TASK STATEMENT: With all images omitted, write out the records word for word.

PROVIDED DATA:

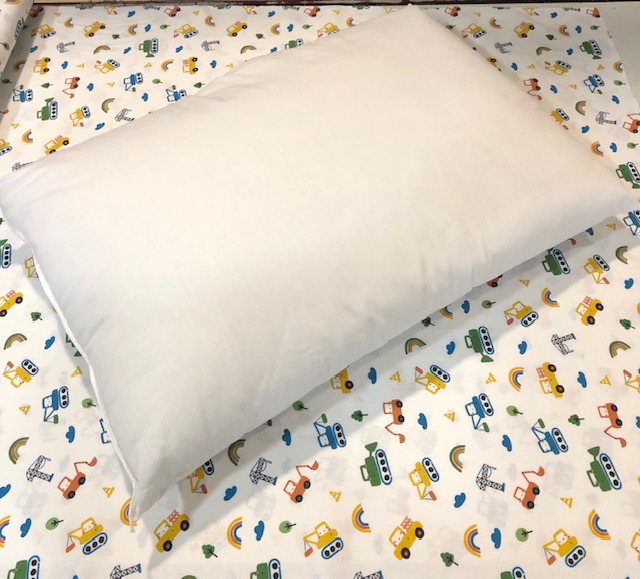 Cuscino lettino anallergico - immagine 2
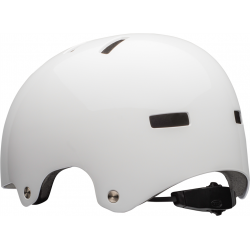 Bell Local Helmet white,M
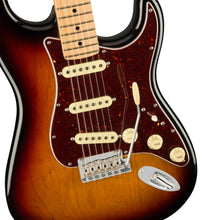 [PREORDER] Fender American Professional II Stratocaster Electric Guitar, Maple FB, 3-Tone Sunburst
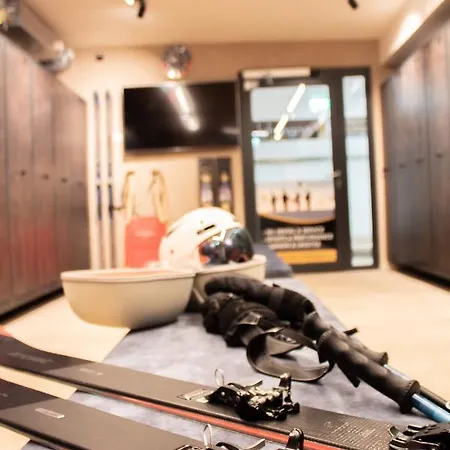 Olympia 4* Obergurgl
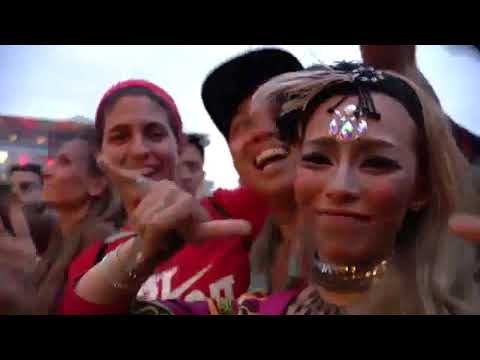 Lost Frequencies@ Tomorrowland Mainstage 2019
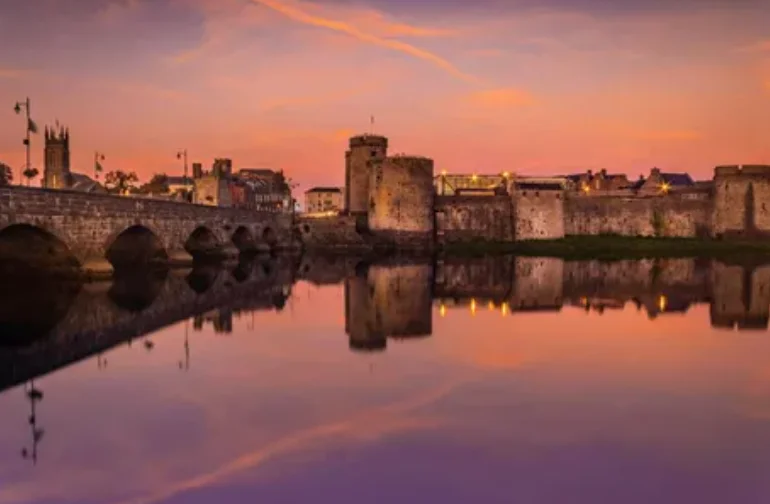Win a two-night stay with dinner and bubbles at the Limerick Strand Hotel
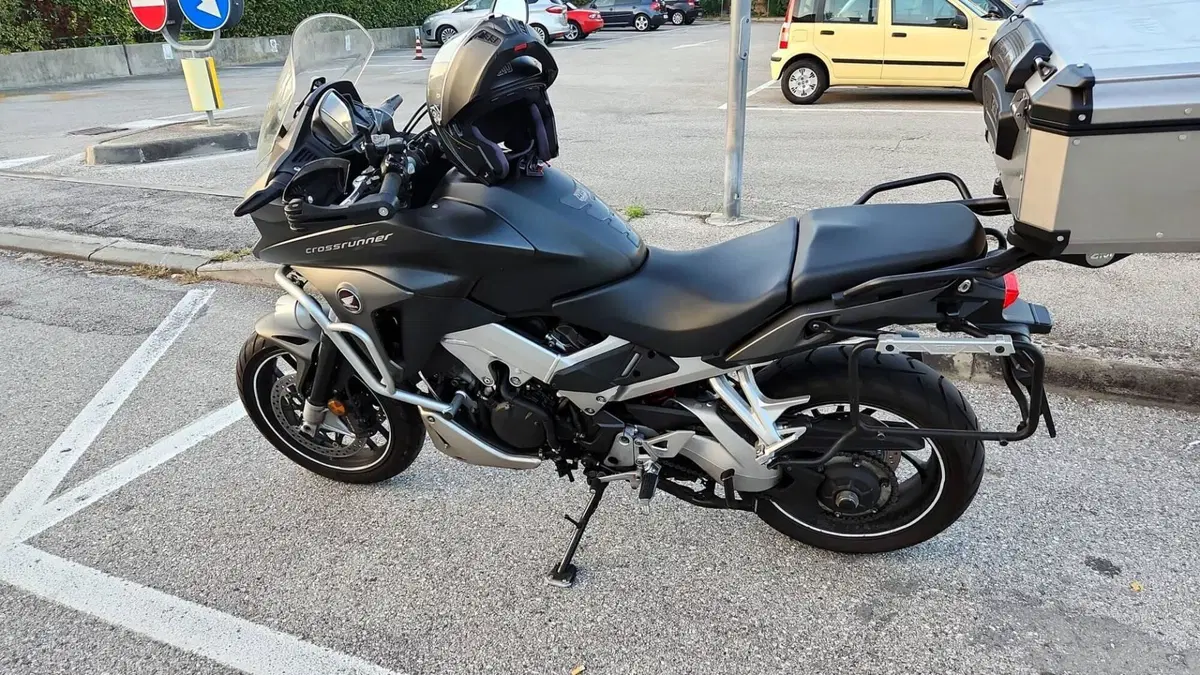 Honda Crossrunner Travel Edition ABS (2015 - 18)  (6)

RESPONSE BELOW:
 Cuscino lettino anallergico - immagine 2
 Bell Local Helmet white,M
 [PREORDER] Fender American Professional II Stratocaster Electric Guitar, Maple FB, 3-Tone Sunburst
 Olympia 4* Obergurgl
 Lost Frequencies@ Tomorrowland Mainstage 2019
Win a two-night stay with dinner and bubbles at the Limerick Strand Hotel
 Honda Crossrunner Travel Edition ABS (2015 - 18)  (6)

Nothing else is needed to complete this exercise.